Black-Eyed Peas With Collard Greens (Printable Version)

Hearty Southern black-eyed peas and tender collard greens simmered with aromatic vegetables and smoky spices.

# Ingredient List:

→ Legumes & Greens

01 - 2 cups dried black-eyed peas, rinsed and soaked overnight, or 3 cans black-eyed peas, drained and rinsed
02 - 1 large bunch collard greens, approximately 1 pound, stems removed and leaves chopped

→ Aromatics

03 - 1 large onion, finely chopped
04 - 3 cloves garlic, minced
05 - 2 celery stalks, diced
06 - 1 medium carrot, diced

→ Seasonings

07 - 1 bay leaf
08 - 1 teaspoon smoked paprika
09 - 1 teaspoon dried thyme
10 - 1/2 teaspoon crushed red pepper flakes, optional
11 - Salt and freshly ground black pepper to taste

→ Liquids

12 - 6 cups vegetable broth or chicken broth for non-vegetarian option
13 - 1 tablespoon apple cider vinegar

→ Optional Additions

14 - 4 ounces smoked ham hock or diced smoked turkey, omit for vegetarian preparation
15 - Hot sauce for serving
16 - 1 pan cornbread cut into wedges for serving

# How to Make:

01 - If using dried black-eyed peas, rinse thoroughly and soak in cold water overnight.
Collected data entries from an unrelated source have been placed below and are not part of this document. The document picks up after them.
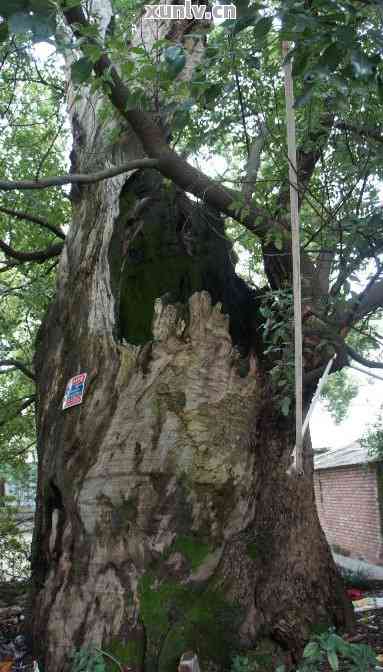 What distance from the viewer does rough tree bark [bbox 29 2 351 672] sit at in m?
4.12

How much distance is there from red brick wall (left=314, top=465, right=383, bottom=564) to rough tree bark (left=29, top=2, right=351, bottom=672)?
9326 mm

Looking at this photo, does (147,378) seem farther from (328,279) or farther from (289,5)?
(289,5)

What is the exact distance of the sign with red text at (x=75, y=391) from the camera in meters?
4.58

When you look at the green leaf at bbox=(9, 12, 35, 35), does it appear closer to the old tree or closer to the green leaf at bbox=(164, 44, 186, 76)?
the green leaf at bbox=(164, 44, 186, 76)

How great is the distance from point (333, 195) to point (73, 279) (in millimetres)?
2384

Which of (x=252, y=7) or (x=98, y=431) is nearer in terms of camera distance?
(x=252, y=7)

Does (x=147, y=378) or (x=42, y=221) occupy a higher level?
(x=42, y=221)

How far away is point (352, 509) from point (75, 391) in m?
12.1

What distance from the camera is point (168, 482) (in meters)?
4.23

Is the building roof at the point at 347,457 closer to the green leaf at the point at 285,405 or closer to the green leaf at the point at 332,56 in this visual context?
the green leaf at the point at 285,405

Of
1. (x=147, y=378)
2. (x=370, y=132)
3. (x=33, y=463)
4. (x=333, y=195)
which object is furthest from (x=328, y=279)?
(x=33, y=463)

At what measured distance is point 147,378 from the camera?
436cm

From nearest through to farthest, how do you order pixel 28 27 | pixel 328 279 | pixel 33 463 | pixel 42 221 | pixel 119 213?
pixel 28 27, pixel 328 279, pixel 119 213, pixel 42 221, pixel 33 463

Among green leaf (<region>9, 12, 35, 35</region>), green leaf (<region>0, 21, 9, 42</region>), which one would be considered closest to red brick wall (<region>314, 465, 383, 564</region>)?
green leaf (<region>0, 21, 9, 42</region>) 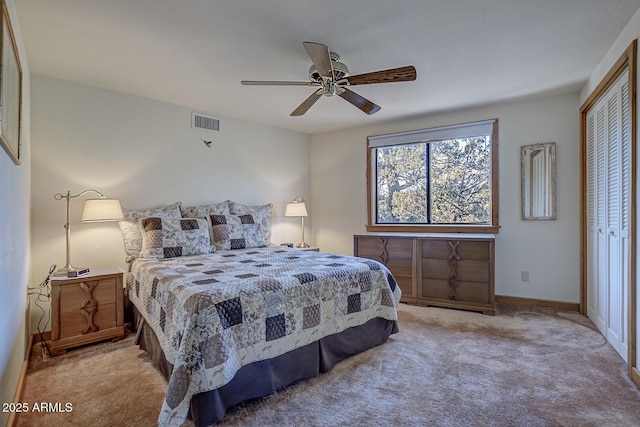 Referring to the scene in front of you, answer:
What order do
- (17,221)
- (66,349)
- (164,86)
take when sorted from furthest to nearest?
(164,86)
(66,349)
(17,221)

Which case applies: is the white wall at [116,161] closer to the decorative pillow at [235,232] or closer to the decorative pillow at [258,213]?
the decorative pillow at [258,213]

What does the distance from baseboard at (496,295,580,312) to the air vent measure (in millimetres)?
4023

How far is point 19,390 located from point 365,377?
2092 mm

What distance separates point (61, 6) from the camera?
1.93 meters

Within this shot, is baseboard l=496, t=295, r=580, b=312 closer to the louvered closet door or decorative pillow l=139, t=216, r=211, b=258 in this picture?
the louvered closet door

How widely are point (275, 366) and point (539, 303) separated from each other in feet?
10.6

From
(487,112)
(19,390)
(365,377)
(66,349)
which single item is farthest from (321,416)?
(487,112)

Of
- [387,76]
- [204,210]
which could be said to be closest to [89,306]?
[204,210]

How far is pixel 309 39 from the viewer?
2318 millimetres

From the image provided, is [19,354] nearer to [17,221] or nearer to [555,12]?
[17,221]

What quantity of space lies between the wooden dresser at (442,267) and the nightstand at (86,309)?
2.75 metres

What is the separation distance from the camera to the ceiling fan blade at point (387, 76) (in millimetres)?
2209

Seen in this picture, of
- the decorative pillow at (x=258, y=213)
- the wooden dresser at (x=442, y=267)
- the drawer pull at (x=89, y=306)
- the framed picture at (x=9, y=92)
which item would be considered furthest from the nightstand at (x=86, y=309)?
the wooden dresser at (x=442, y=267)

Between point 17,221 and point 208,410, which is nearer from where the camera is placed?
point 208,410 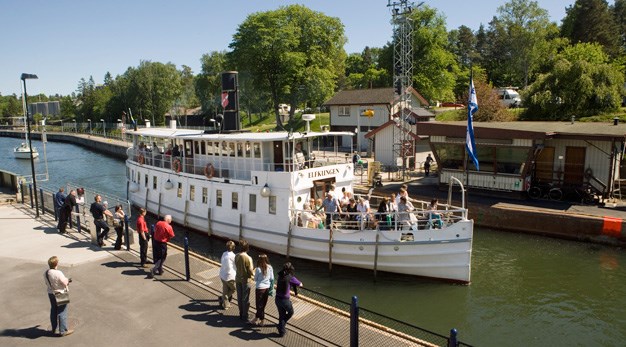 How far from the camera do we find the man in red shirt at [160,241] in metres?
12.7

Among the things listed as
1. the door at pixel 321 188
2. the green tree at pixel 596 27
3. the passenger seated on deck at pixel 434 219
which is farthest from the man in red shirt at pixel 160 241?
the green tree at pixel 596 27

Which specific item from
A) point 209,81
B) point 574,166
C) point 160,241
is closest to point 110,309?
point 160,241

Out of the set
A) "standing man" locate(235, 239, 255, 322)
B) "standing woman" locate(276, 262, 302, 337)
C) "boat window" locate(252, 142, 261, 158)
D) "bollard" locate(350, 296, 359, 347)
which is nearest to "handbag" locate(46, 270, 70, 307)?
"standing man" locate(235, 239, 255, 322)

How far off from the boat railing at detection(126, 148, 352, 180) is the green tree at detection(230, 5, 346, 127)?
111 feet

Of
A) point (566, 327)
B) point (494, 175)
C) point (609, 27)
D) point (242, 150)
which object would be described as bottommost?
point (566, 327)

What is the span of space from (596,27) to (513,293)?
62.2 meters

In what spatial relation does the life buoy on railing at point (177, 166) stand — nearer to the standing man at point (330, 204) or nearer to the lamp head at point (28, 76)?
the lamp head at point (28, 76)

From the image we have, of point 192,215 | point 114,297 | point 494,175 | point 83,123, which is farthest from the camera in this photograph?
point 83,123

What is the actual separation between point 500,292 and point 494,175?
36.4 ft

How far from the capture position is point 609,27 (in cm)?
6456

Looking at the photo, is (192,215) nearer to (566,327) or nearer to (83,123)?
(566,327)

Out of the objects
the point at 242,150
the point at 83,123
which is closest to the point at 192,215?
the point at 242,150

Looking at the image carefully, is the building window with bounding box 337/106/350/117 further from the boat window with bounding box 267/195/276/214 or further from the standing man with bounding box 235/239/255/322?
the standing man with bounding box 235/239/255/322

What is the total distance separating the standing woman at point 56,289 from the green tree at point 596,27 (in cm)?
7036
Drain and set aside before use.
02 - Heat a splash of oil in a large Dutch oven or soup pot over medium heat. Add chopped onion, diced celery, and diced carrot. Sauté for approximately 5 minutes until vegetables are softened.
03 - Stir in minced garlic and cook for 1 minute until fragrant, stirring constantly to prevent burning.
04 - If using smoked ham hock or smoked turkey, add to the pot and cook for 2 minutes, allowing flavors to meld with the aromatics.
05 - Add drained black-eyed peas, bay leaf, smoked paprika, thyme, and red pepper flakes. Stir thoroughly to coat all vegetables and peas evenly with the spice mixture.
06 - Pour in broth and bring to a boil. Reduce heat to a gentle simmer, cover the pot, and cook for 45 minutes if using dried peas or 20 minutes if using canned peas.
07 - Add chopped collard greens and simmer uncovered for an additional 30 minutes until black-eyed peas become tender and greens achieve a silky texture with concentrated flavor.
08 - Stir in apple cider vinegar. Remove bay leaf and ham hock if used, shred any meat, and return to the pot. Adjust seasoning with salt and freshly ground black pepper to taste.
09 - Ladle into bowls and serve hot accompanied by cornbread wedges and hot sauce if desired.

# Expert Suggestions:

01 -
  • It's forgiving enough for a weeknight but fancy enough to serve when people come over.
  • The peas get creamy without any cream, and the greens melt into the broth like they belong there.
  • One pot means one cleanup, which honestly matters more than people admit.
  • It tastes exponentially better the next day, so leftovers feel like a gift to your future self.
02 -
  • Don't skip the overnight soak for dried peas—it cuts cooking time significantly and prevents that grainy texture from underdone beans.
  • The apple cider vinegar comes at the very end, not before, because it can toughen the skins of the peas if added too early.
  • Collard greens release a lot of water as they cook, so the liquid will look thinner at first—this is completely normal and the broth will eventually concentrate.
03 -
  • Make this in a slow cooker if you prefer: sauté vegetables and spices first, then transfer everything to the slow cooker with broth and cook on low for 6-8 hours with dried peas, or 3-4 hours with canned—add greens in the last hour.
  • Leftovers genuinely taste better the next day because the flavors have time to settle and marry together, so make extra on purpose.